Now we group bus 4 and 5 together, as a bus with a total load of ‘load at bus 4+power transferred from 4 to 5’=\(0.02+0.02037=0.04037\). Repeating the procedure, we get \(\theta_2-\theta_4=0.074\). Repeating this process gives us all the angle differences.

Problem 2

For the optimization problem below, you can use direct substitution to solve them (write \(x_2\) in terms of \(x_1\) and differentiate the objective function).

a) Let \(C_1(x_1)= 0.5 x_1^2+x_1\), \(C_2(x_2)= x_2^2 + 2 x_2\), \(L=1\), solve

\[\begin{align} \min_{x_1,x_2} \; & C_1(x_1)+C_2(x_2) \\ & x_1+x_2 = L \end{align}\]

b) Let \(C_1(x_1)= 2x_1^2+0.5 x_1\), \(C_2(x_2)= 0.1 x_2^2 + 2 x_2\), \(L=2\), solve

\[\begin{align} \min_{x_1,x_2} \; & C_1(x_1)+C_2(x_2) \\ & x_1+x_2 = L \end{align}\]

c) let \(x_1^*\) and \(x_2^*\) be the optimal solutions. Evaluate \(C_1'(x_1^*)\) and \(C_2'(x_2^*)\) for both cases. What you do observe? This is a general principle that guides of much of power system market design.

Solution

a) We get \((x_1^*,x_2^*)=(1,0)\).

b) We get \((x_1^*,x_2^*)=(19/42,65/42)\).

c) In both cases we observe that \(C_1'(x_1^*)=C_2'(x_2^*)\).

Problem 3

a) Show that if \(f\) and \(g\) are both convex, then \(f+g\) is convex.

b) Does there exist \(f\) and \(g\) both convex, and \(f-g\) is also convex.

c) Consider \(f(x,y)=xy\), with domain \(x>0\) and \(y>0\). Is this function convex?

Solution

a) Can directly check using the definition of convexity.

b) Yes, when \(f\) is convex and \(g\) is affine.

c) The gradient is \(\begin{bmatrix} y \\ x \end{bmatrix}\) and the Hessian is \(\begin{bmatrix} 0 & 1 \\ 1 & 0 \end{bmatrix}\). The Hessian is indefinite, so the function is not convex.

Problem 4

Let \(A\) and \(B\) be two convex sets.

a) Show that \(A \cap B\) is convex.

b) Is \(A \cup B\) convex?

Solution

a) Yes, directly check by definition.

b) No in general. For example, take \(A=[0,1]\) and \(B=[2 3]\).

Problem 5

Consider the function \(f(x_1, x_2)=2x_1^3+x_1^2+2x_1x_2+\frac{1}{2}x_2^2-8x_1-2x_2-10\). Find the range of values of \((x_1,x_2)\) for whith \(f\) is convex, if any.

Solution

The Hessian of the function is

\[H(x_1,x_2)= \begin{bmatrix} 12x_1+2 & 2\\[6pt] 2 & 1 \end{bmatrix}\]

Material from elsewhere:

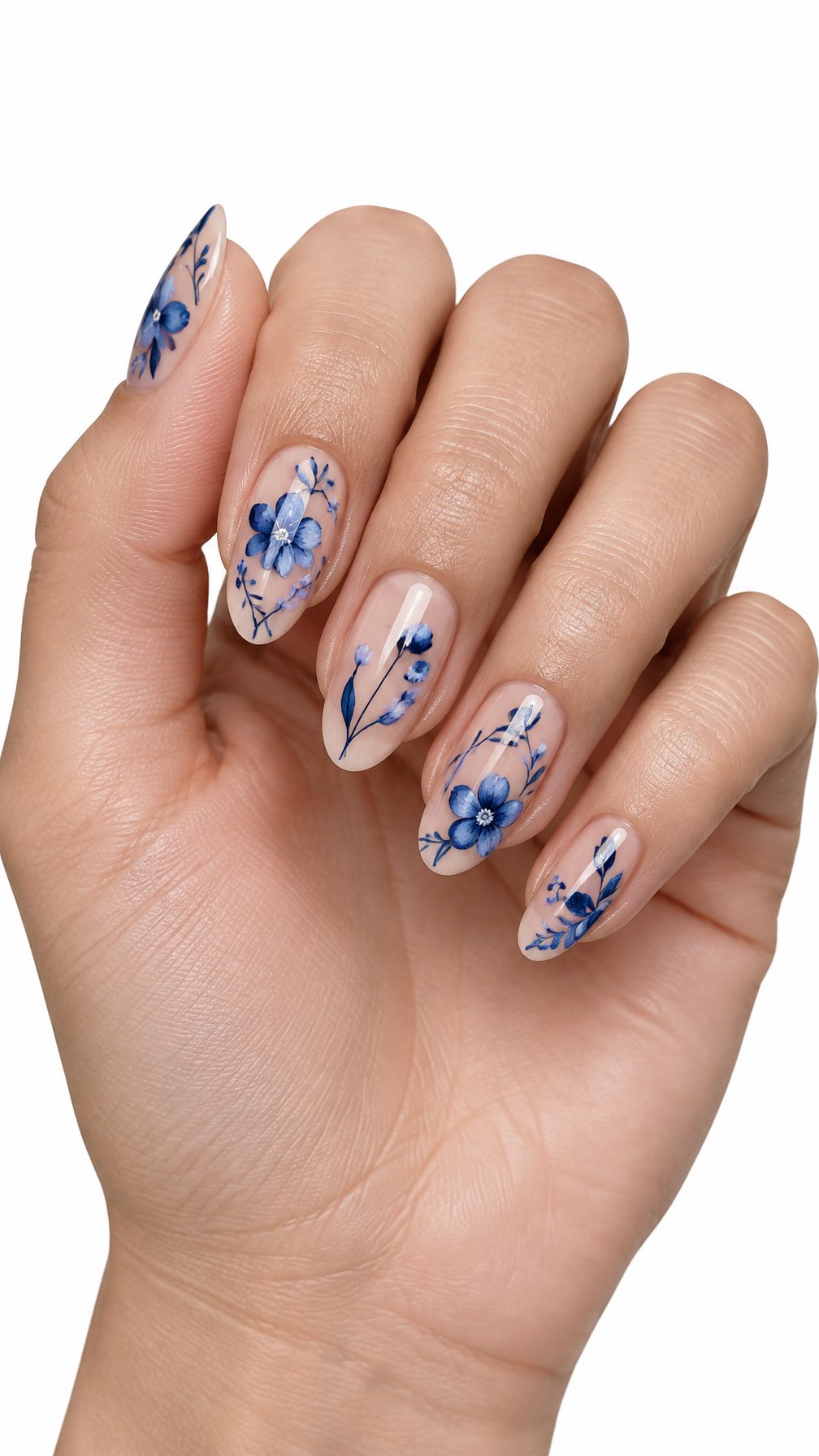 A single hand with indigo floral designs and natural bare spaces on the nails against a white background.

For \(f\) to be convex, we need \(H\) to be positive semidefinite. Using the fact that the trace is the sum of the eigenvalues and the determinant is the product of the eigenvalues, the condition that both eigenvalues are nonnegative. is the same as that the trace and the determinant are both nonnegative. Therefore, we need \(12 x_1 +3 \geq 0\) and \(12 x_1-2 \geq 0\), or equivalently, \(x_1 \geq \frac{1}{6}\).

Problem 6

This is to get started on solving convex problem using a solver. Pick whatever language you’re comfortable with, learn how to call a convex optimization solver. A popular one is cvxpy, or its equivalent in Matlab or Julia, but there are many different ones out there and any of them would work. Solve the following problems, provide the optimal objective values and optimal solutions in your homework solutions.

a) Solve

\[\begin{align} \min_{x_1,x_2} \; & (x_1-2x_2)^2+x_1 \\ \mbox{s.t. } & 0 \leq x_2 \leq 1 \\ & x_1 \geq 0 \end{align}\]

b) Solve

\[\begin{align} \min_{x_1,x_2,x_3} \; & \vert x_1 \vert +e^{x_2+x_3} - \log (x_1+x_3) \\ \mbox{s.t. } & x_1 + x_3 \geq 2 \\ & 0 \leq x_2 \leq 3 \\ & x_1 \leq 1 \end{align}\]

Solution

a) \((x_1^*,x_2^*)=(0,0)\) with the optimal value being \(0\).

b) \((x_1^*,x_2^*,x_3^*)=(1,0,1)\) with the optimal value being about \(3.025\).